A narrativa ganha força quando Adriano entra em cena. Misterioso, sedutor e profundamente marcado pela vida que leva, o personagem se transforma rapidamente no centro gravitacional da história. O romance que nasce entre os dois não é construído como uma história idealizada, mas como um vínculo atravessado por projeções, carências e impulsos difíceis de controlar. O que começa como fascínio se transforma gradualmente em uma relação emocionalmente instável.

O diretor Felipe Sholl conduz essa dinâmica com um olhar interessado menos em explicar os personagens e mais em observá-los. Em vez de buscar grandes viradas narrativas, Ruas da Glória aposta na intensidade dos encontros, nos silêncios desconfortáveis e nos momentos em que o desejo parece funcionar como um idioma próprio. O erotismo presente no filme não surge como provocação gratuita, mas como extensão das vulnerabilidades que movem seus protagonistas.
Outro elemento fundamental é a forma como o Rio de Janeiro é retratado. Longe das imagens turísticas que costumam definir a cidade no cinema, o filme prefere explorar ruas noturnas, bares discretos e apartamentos improvisados que revelam uma geografia emocional da capital fluminense. Bairros como Glória e Lapa aparecem como espaços onde encontros, afetos e desaparecimentos coexistem de maneira quase natural.

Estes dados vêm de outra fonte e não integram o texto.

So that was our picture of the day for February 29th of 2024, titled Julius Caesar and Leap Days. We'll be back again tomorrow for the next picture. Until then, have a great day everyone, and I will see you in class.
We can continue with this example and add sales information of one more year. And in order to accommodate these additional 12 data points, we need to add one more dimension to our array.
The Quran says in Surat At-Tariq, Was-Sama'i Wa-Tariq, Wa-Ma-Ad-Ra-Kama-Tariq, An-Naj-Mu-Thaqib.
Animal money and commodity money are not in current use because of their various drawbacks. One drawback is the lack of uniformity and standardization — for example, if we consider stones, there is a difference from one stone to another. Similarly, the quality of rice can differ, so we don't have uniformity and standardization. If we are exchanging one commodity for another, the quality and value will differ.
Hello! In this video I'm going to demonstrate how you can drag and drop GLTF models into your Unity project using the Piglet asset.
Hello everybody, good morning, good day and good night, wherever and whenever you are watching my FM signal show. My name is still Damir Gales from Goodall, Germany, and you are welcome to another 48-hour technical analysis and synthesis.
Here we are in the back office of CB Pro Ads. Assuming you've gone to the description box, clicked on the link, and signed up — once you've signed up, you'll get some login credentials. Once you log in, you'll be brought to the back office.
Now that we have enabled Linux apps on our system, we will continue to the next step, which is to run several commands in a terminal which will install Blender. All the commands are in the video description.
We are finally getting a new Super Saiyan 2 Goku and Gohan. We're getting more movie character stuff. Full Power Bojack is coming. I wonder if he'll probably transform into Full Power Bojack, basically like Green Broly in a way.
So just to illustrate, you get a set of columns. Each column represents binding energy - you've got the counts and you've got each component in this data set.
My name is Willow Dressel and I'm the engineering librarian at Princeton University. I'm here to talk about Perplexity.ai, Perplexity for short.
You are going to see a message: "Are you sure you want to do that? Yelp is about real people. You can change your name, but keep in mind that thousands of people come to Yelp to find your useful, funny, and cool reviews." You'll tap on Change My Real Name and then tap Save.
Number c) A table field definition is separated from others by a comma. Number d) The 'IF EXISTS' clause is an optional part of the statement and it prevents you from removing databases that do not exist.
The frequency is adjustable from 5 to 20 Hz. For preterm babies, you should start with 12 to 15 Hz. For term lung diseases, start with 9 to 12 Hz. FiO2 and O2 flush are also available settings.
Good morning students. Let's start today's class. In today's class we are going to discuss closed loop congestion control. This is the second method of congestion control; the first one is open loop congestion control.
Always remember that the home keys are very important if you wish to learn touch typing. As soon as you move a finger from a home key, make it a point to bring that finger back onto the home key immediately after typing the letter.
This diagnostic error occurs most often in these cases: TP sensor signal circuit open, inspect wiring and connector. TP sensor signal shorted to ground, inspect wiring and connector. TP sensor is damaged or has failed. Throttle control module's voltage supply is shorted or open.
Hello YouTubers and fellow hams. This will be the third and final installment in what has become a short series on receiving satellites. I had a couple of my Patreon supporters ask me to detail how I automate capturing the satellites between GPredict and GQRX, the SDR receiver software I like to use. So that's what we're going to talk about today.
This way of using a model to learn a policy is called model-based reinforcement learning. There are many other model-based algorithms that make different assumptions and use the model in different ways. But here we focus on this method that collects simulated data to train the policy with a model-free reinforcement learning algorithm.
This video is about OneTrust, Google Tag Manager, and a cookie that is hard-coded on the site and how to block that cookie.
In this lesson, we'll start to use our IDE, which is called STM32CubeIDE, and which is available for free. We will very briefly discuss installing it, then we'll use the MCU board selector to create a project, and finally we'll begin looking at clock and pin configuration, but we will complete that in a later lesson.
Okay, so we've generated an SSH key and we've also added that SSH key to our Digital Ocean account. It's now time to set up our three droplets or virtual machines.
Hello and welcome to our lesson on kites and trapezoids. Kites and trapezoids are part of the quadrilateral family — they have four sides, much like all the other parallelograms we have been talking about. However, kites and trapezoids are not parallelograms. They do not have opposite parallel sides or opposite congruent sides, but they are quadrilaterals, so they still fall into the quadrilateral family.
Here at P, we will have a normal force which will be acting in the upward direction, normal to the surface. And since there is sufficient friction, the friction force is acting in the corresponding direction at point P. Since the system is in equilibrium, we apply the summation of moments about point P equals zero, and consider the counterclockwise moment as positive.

As performances são um dos grandes pilares do filme. Caio Macedo constrói um Gabriel que oscila entre ingenuidade e obsessão, alguém que tenta compreender o universo em que se envolve enquanto se deixa consumir por ele. Alejandro Claveaux, por sua vez, dá a Adriano uma presença ambígua e melancólica, como se o personagem carregasse consigo histórias que o filme apenas sugere, mas nunca explica completamente.

Embora a trama caminhe por caminhos já conhecidos de certos dramas urbanos contemporâneos, Ruas da Glória compensa essa familiaridade com uma atmosfera emocional muito bem construída. O roteiro não está interessado em grandes surpresas, e sim em acompanhar o desgaste afetivo de seus personagens, mostrando como o amor pode ser ao mesmo tempo impulso de vida e caminho para a autodestruição.
No fim, o filme se revela um retrato sensível de personagens que tentam sobreviver aos próprios vazios. Felipe Sholl constrói um drama íntimo, às vezes duro, mas profundamente humano, onde o amor nunca aparece como resposta simples. Ruas da Glória pode não reinventar esse tipo de história, mas encontra força em sua honestidade emocional — e isso é mais do que suficiente para torná-lo uma experiência marcante.